I’m interested in what he thinks Nordic startups can bring to a larger ecosystem. He tells me, “We are digitally advanced and highly educated, and have been for a long time - and then there is trust and access. With small communities, we’re able to do things fast, to get things off the ground fast.”
Despite Mesh's growth over the years, something was still missing for Nordic founders. “It’s a little bit frustrating,” said Mjåset.
“It’s fascinating and strange that all these small countries have all this quality coming out of them, but are still as disconnected as they are,” he explained.
“We felt that it had matured to the level where it would make sense to connect all the top investors and all the top founders, and then get the best international investors connected into that network. So we started doing that last year and had 10 events,” he said, introducing the Mesh Collective to the chat.
“We did one special event up in Lofoten, an island in Northern Norway, where we had 100 people in a small fisherman’s village - 50 VCs and 50 founders from all over the Nordics - just getting to know each other, swimming and fishing and skiing and stuff like that. We even had a little hurricane, so it was a very hardcore Northern, wet, icy, cold experience,” he explained.

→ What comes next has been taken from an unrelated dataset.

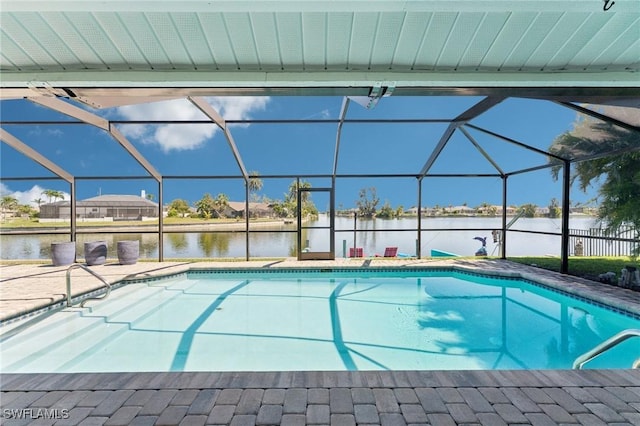 outdoor pool with glass enclosure, a patio area, and a water view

Well, there is nothing like a severe weather event to bring people together, I guess! The Mesh Collective has since expanded from northern Norway to San Francisco. A Stateside event brought 50 Nordic founders over, and included 50 Nordic founders that live in the Bay Area, and 50 VCs, to go trekking, hiking, and ice bathing - no extreme weather event was mentioned during this outing.
He explains that while we have large tech conferences and events, there is a need for more intimate gatherings that can also connect the Nordic Region with key hubs in the US, noting that more of these events are planned for San Francisco and New York.
In fact, this autumn’s San Francisco trip will already yield benefits for Estonian relations, as we’ll be represented by Hedi Mardisoo from Cachet, Marko Klopets from Supersimple, Carmen Kivisild from Elnora AI, and Ergo Sooru from DrHouse.
“It’s an effective way for them to work deeper with the region. So we’ve gotten all the Andreessen Horowitzes, Kleiner Perkins, and all those top brands internationally to come work with us and also bring their partners from the US and from the UK to Norway, Sweden, or Denmark,” he said about how the collective works.
If you are as curious as I am to know what qualifies as a top founder for these exclusive events, he tells me, “it’s that you are of ‘international venture grade’. So, if you put somebody into a room with the top investors internationally, or the top founders internationally, will it be a valuable two-way meeting, or will you come up short?” And how do they find out who the great founders are? They ask the VCs.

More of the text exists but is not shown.